Roughly two years after Kenai Peninsula Borough voters approved a $65.55 million bond package to address a list of 10 critical maintenance projects around the Kenai Peninsula Borough School District, the combined price tag has ballooned to $83.42 million, and borough administration says that the scope of some projects may need to be retooled.
That was the central takeaway during a work session of the Kenai Peninsula Borough Assembly where Borough Mayor Peter Micciche and Borough Purchasing & Contracting Director John Hedges gave a “status report” on each of the projects before discussing how the bond project can or will move forward.

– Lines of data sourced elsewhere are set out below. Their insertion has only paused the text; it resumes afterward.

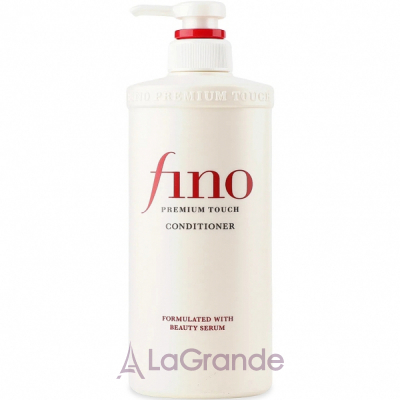 Tsubaki Fino Premium Touch Conditioner   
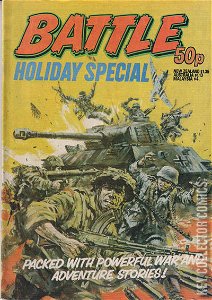 Battle Holiday Special
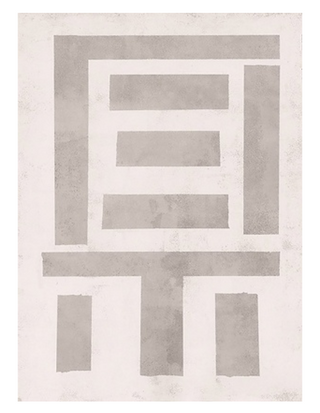 56x74 Neutrality III Artwork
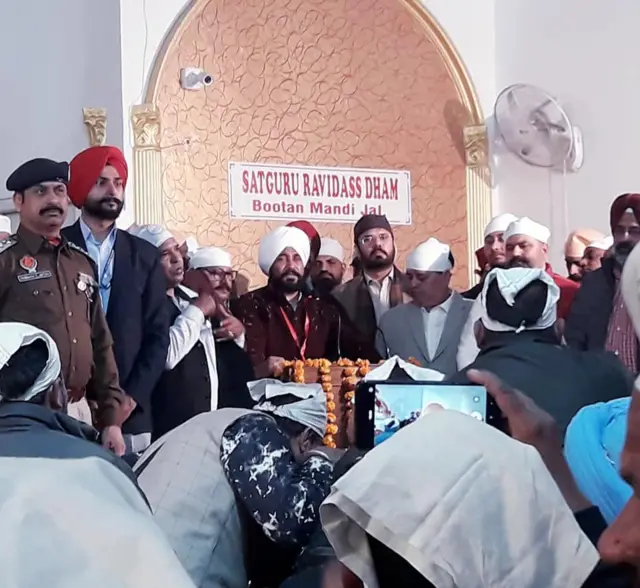 ਚਰਨਜੀਤ ਸਿੰਘ ਚੰਨੀ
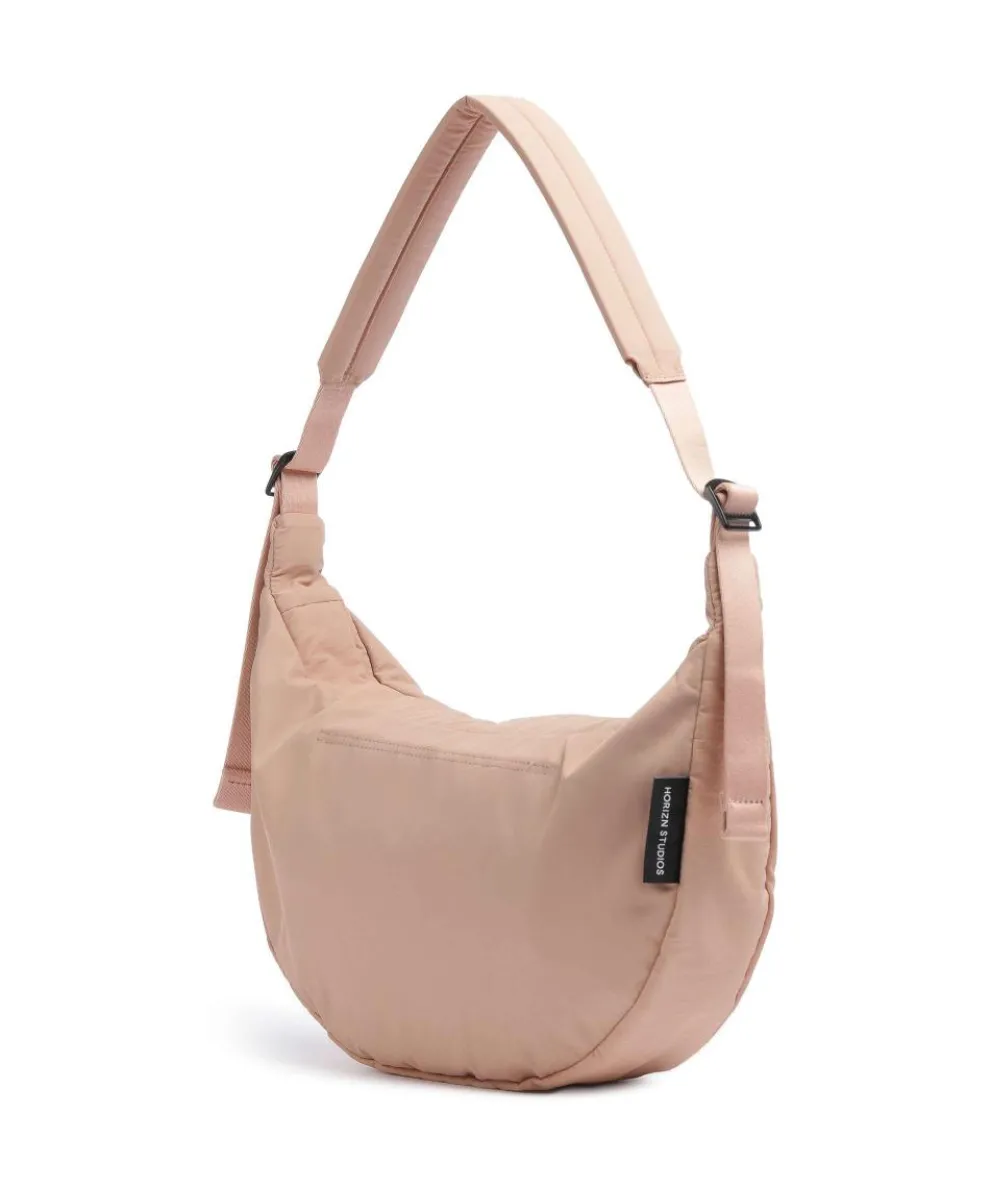 Chiado Hobo bag recycled nylon antique pink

Reconstruction of Soldotna Elementary School, the most expensive project on the list, was originally budgeted to cost $21.5 million. An educational specification, which Hedges likened to an architectural plan that describes the size and needs of the proposed new facility, currently describes a cost estimate of $35 million, he said.
“We’ve gone back to the drawing board, and we’ve tried to come up with some other solutions to close that budget or work through those same objectives at a cheaper cost.”
To that end, Hedges said, the borough is now finalizing a new request for proposals to bring on what Micciche called “a new set of eyes.” Hedges said that the borough plans to investigate “every option that we have” for housing Soldotna Elementary and other schools that were set to be rehomed under the bond package, like Soldotna Montessori, River City Academy and Connections Homeschool.
The update memo by Hedges says that an educational specification is intended for development later this year that would describe renovation of Soldotna Preparatory School to house Soldotna Elementary students. A move of KPBSD administration to that building, described in the original bond package, “has been rejected by KPB and removed from the project program,” the memo reads.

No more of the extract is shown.